Après Elephant et Gerry, je me suis penchée sur le dernier volet de ce que j’appellerais le triptyque de l’ennui de Gus Van Sant (que je pensais au début être mon réalisateur préféré après avoir vu Will Hunting et My Own Private Idaho, deux films magnifiques et pas du tout chiants que je vous recommande).
Un film de Van Sant qui parle de Cobain ? Il fallait que je le voie. Je suis donc partie à la recherche de la version VOSTFR, introuvable sur Internet et… introuvable à la Fnac également puisque le dvd n’était plus édité que par MK2 ! Je l’ai donc trouvé par hasard en me baladant Quai de Seine.
Pas de Kurt Cobain ici mais un Michael Pitt criant de vérité dans le rôle de Blake, un rockeur grunge aux cheveux blonds et gras. Sa carrière l’écrase, la drogue le tente, il s’éloigne de sa famille.
Bien sûr personne n’est dupe de cette copie conforme de Kurt (excepté sa bouche poupine et son menton plus proéminent qui ne collent pas avec le modèle), mais le changement de nom intervient pour des questions évidentes… notamment éviter un procès pour diffamation.
Last Days est un film d’ambiance très efficace. On s’égare dans cette maison perdue dans la forêt, vide et étouffante, qui deviendra le tombeau de Cobain.
Il y a des paysages, de beaux éphèbes (avec l’inévitable scène gay qui va avec) et surtout de longs plans fixes comme Van Sant les aime.
Blake qui se traîne par terre en robe et va ouvrir à un représentant des pages jaunes, donnant ainsi lieu à une des seules scènes véritablement drôles du film (j’ai appris en regardant le making of que ce commercial est arrivé sur le tournage en essayant de vendre une annonce, et qu’il a plu à Van Sant qui a voulu le faire jouer) ; Blake qui marche dans la forêt, glisse, se relève ; Blake qui erre dans sa cuisine comme un ombre, sans prêter attention à ses bruyants « amis » dans la pièce d’à côté. Le cadre carré et non pas rectangulaire rend l’ensemble très photographique.
Le sens du réalisme de Van Sant va assez loin. Comme il n’y a aucun script, il invente chaque scène au fur et à mesure, laisse les acteurs improviser.
Les acteurs portent leurs vrais noms et, par exemple, l’histoire de la fille de Tokyo et de la chanson qui en découle est vraie ; l’acteur qui joue raconte sa propre vie.
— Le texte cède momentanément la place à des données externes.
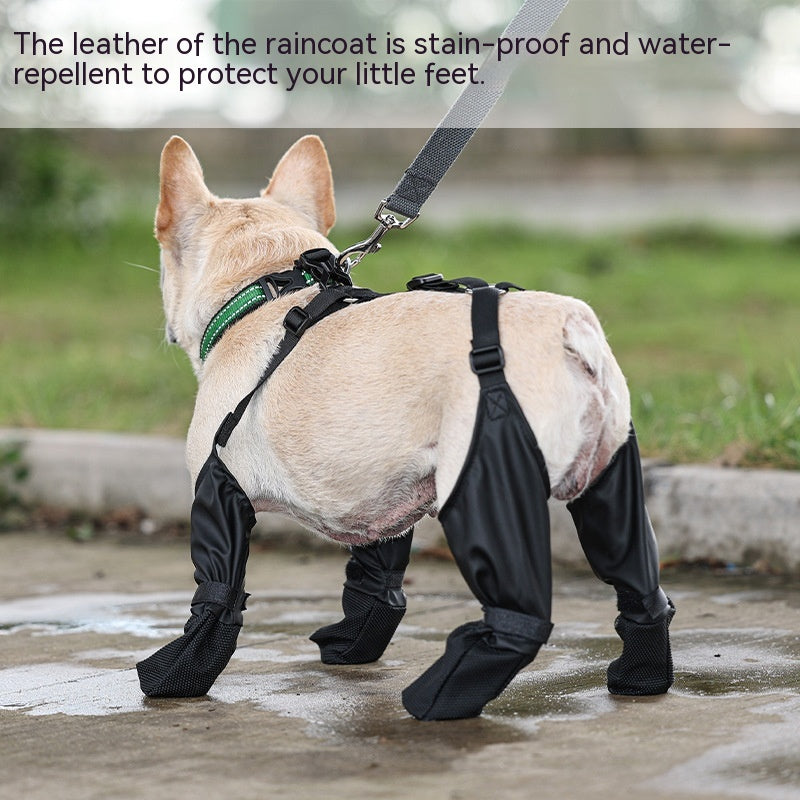 A waterproof dog wearing a pair of CJdrop Pet Dog Dog Shoes Four Seasons Waterproof Pet Products boots.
A saluer aussi, un remarquable travail sur le son. Comme dans cette scène déroutante, où la caméra se fige sur Blake qui essaye des instruments : chaque guitare désaccordée qu’il teste, chaque batterie qu’il frappe nerveusement, chaque ampli qu’il fait mugir dans un Larsen à nous donner des acouphènes, laisse son en fond, alors même qu’à l’écran Blake a cessé de toucher l’instrument. Au-fur-et-à-mesure, les couches discordantes se superposent dans une désharmonie acide qui rappelle étrangement la BO d’Only Lovers Left Alive.
Van Sant nous montre ici le processus créatif inné de Cobain, mais aussi à quel point ce processus est endommagé. Les sons que le héros tire de ses instruments sont les plaintes de guitares à l’agonie.
Un film hypnotique et lancinant, donc.
Mais à force de montrer le vide de l’existence, on obtient un film certes touchant et troublant, mais somme toute assez vide lui-même.